Just like at the residential rental property level, running the numbers when you’re looking to buy a large apartment building is critical to ensure you are getting a good deal.  But unlike the residential real estate market, at the commercial level the notion of the capitalization rate – or CAP rate – becomes paramount.  The CAP rate represents the price/income ratio of the property, and the higher the number, the better. But as I explain below, the final number can be open to interpretation.

The formula to calculate CAP rate is as follows.  CAP rate = Net Operating Income / Price.  NOI is calculated as gross rental income plus other income (such as a coin operated washer and dryer), less the vacancy loss (assume 5-10% of annual rental income in the absence of actual data) and property expenses (utilities, insurance, property tax, repairs, management fees, etc.).  One thing to keep in mind is that it is not unusual for sellers to wipe much of their repair expenses off the books in order to make the numbers look better.  So, in many cases it is better to assume 15-20% of the annual rental income will be spent on repairs and property maintenance, depending on the age of the building.  Some other assumptions that you could make in the absence of actual data include 10% for a property manager, 1.25% for property taxes, 0.5% for landlord insurance, and 2-3% for miscellaneous / unexpected repair bills.  A rough rule of thumb is that a building in a nice area will pay about 30% of annual gross income for expenses, whereas a building in “the hood” might pay about 50% for expenses.

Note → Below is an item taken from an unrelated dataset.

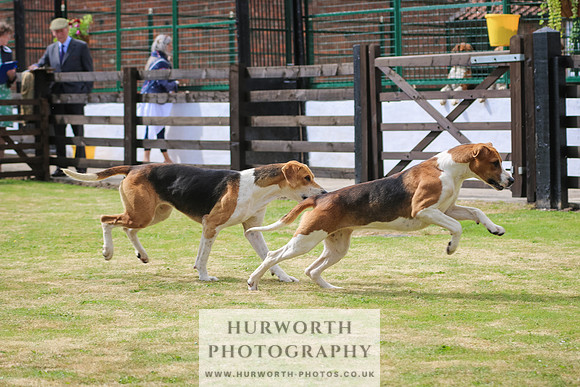 Hunter Hunt 122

Now, the analysis of CAP rates can become tricky because there are external variables in play that extend beyond the numbers themselves.  For example, properties located in nice areas will tend to have lower CAP rates because the prices of those properties will tend to be higher.  Conversely, properties located in an area filled with urban blight would have higher CAP rates because the property prices would be lower in these areas.

I hope you found this primer on apartment building analysis to be helpful and informative.  Just remember that the calculations and rules of thumb above are designed to allow you to come up with a preliminary property valuation.  In other words, this analysis will tell you if the property is a bust or if it warrants further investigation.  If the preliminary numbers look good, the next step is to launch a full blown due diligence campaign to verify all the information.